_EXERCISE REQUIREMENTS_
All of the data should be given again word for word, though the images are to be left out.

_AVAILABLE DATA_

:::

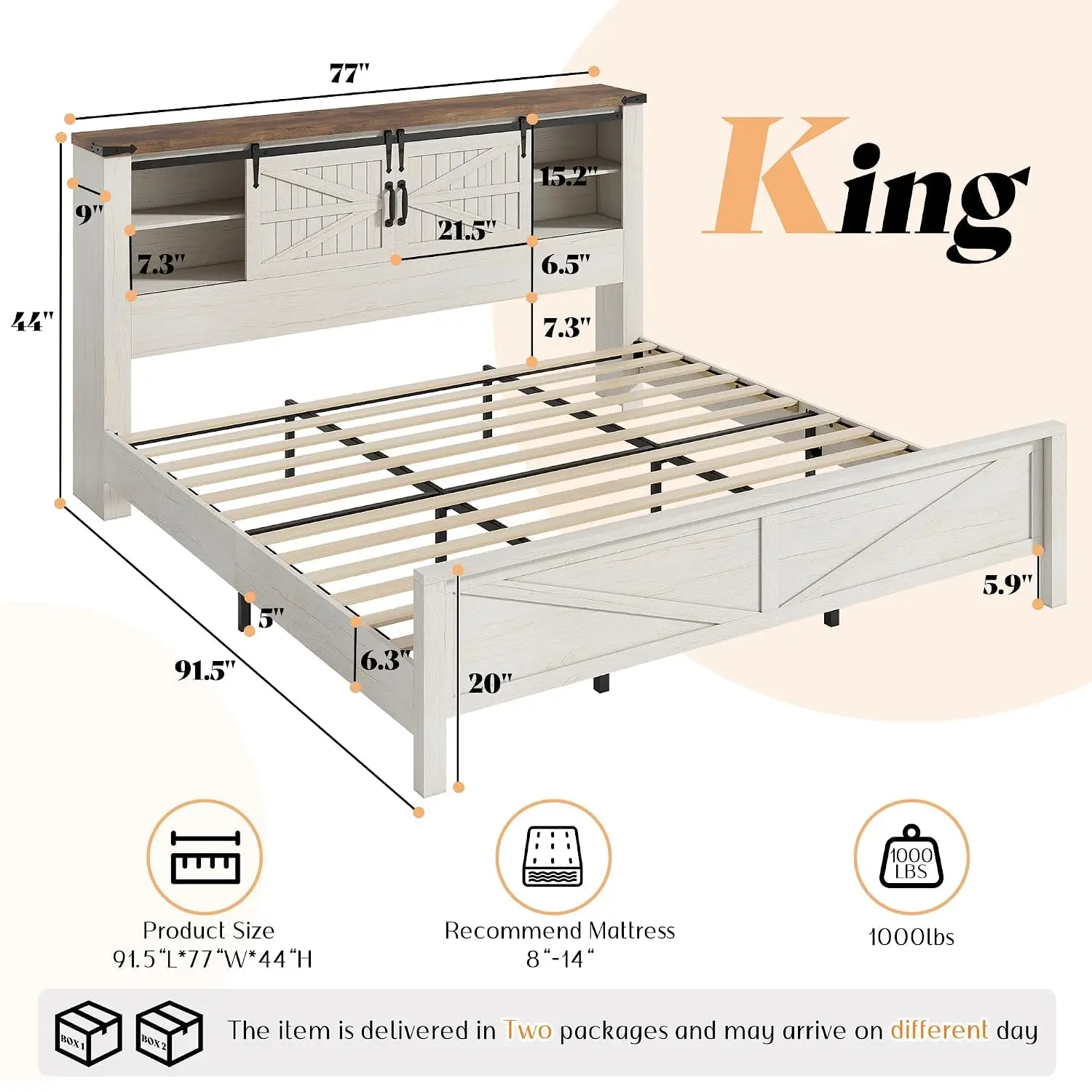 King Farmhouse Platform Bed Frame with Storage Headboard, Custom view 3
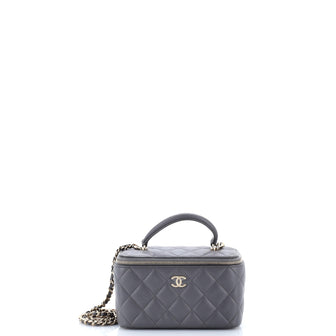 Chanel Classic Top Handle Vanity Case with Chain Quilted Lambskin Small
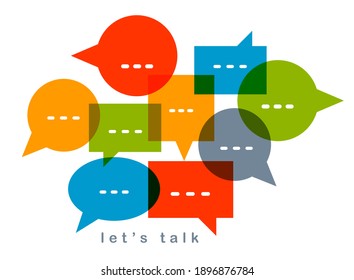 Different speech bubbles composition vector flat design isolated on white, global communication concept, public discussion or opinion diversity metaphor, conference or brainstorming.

:::

_THE COMPLETED TASK_
 King Farmhouse Platform Bed Frame with Storage Headboard, Custom view 3
 Chanel Classic Top Handle Vanity Case with Chain Quilted Lambskin Small
 Different speech bubbles composition vector flat design isolated on white, global communication concept, public discussion or opinion diversity metaphor, conference or brainstorming.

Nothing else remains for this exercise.